Throughout my career, I have used the above process innumerable times. I can extract any manner of text data from a file quickly and easily simply by using a string of commands to incrementally transform the data to my desired output. If you are a programmer, and you’re not familiar with the above commands, you’re probably working too hard.

Counting Lines of Code

Often times, while writing software, it’s useful to know how many lines of code exist in a project. While this is a poor metric for gauging a developer’s output, it can be useful in getting a feel for the size of a project. It may also be useful in comparing different languages. For example, how much more concise is Kotlin than Java?

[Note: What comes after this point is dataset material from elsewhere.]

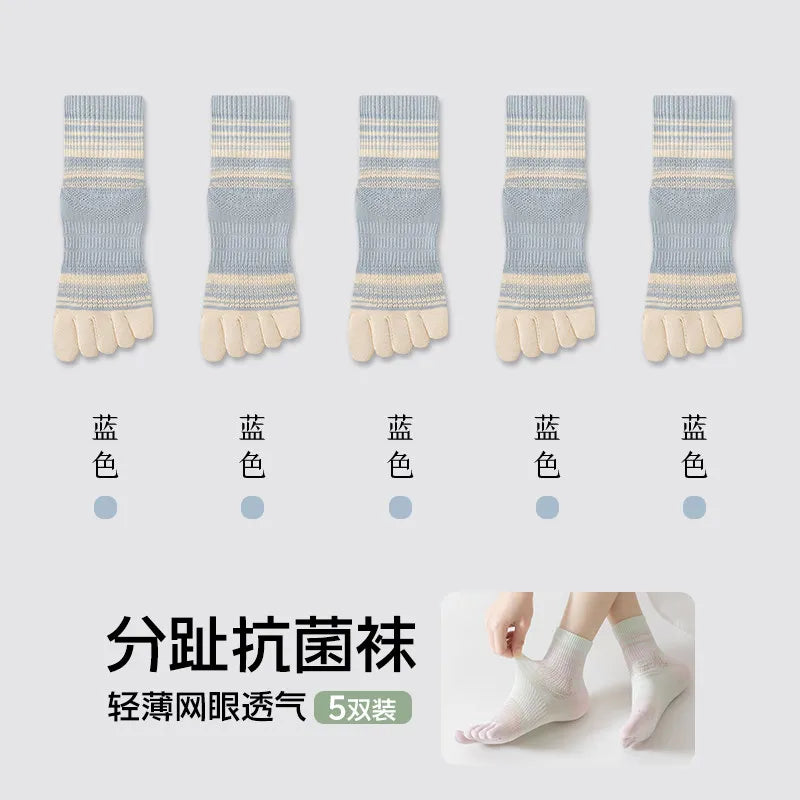 100% Cotton Five Toe Socks for Women - Breathable Striped Crew Socks, Comfy No Blister Toe Socks for Daily Wear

Unfortunately, there are no built-in tools for doing this calculation. So, how can you easily count lines of code? I use a simple shell script – which will work on Linux or Mac, to count my code.

#!/bin/bash

extensions=(bas c cc cob cpp cs fth f90 go h html java js jsp m pas php pl py sc sh sql xhtml)

for extension in ${extensions[@]}
do
  lines=`find . -name "*.$extension" -type f -exec cat {} \; | tr -d '[:blank:]' 2> /dev/null | grep -v '^$' | wc -l `
  if [ $lines -ne 0 ]
  then 
    echo $extension: $lines
  fi
done

You can add additional language support by adding the file extension to the extensions list. Then, run this script from the root directory for the project to see the code count.

Python Web Server

As a software developer, I often write HTML files or JavaScript code that I would like to see in my web browser. I could just open the file in my browser, but if I’m testing JavaScript I would rather run from a real server. I could start up an Apache server, or create an instance of NGINX using Docker. But both of those options require too much effort for simply testing an HTML file.  What I really want is just a command that will allow me to start an HTTP server in the folder where the HTML or JavaScript files are saved. Well, thanks to Python, such a option exists. Simply go to the directory where you want the server to run from and execute the command:

python -m SimpleHTTPServer 8080

This will start up a simple HTTP server running on port 8080. Now, point your web browser to localhost:8080 and you can see your web page! Nothing could be simpler for quick testing of web pages or websites!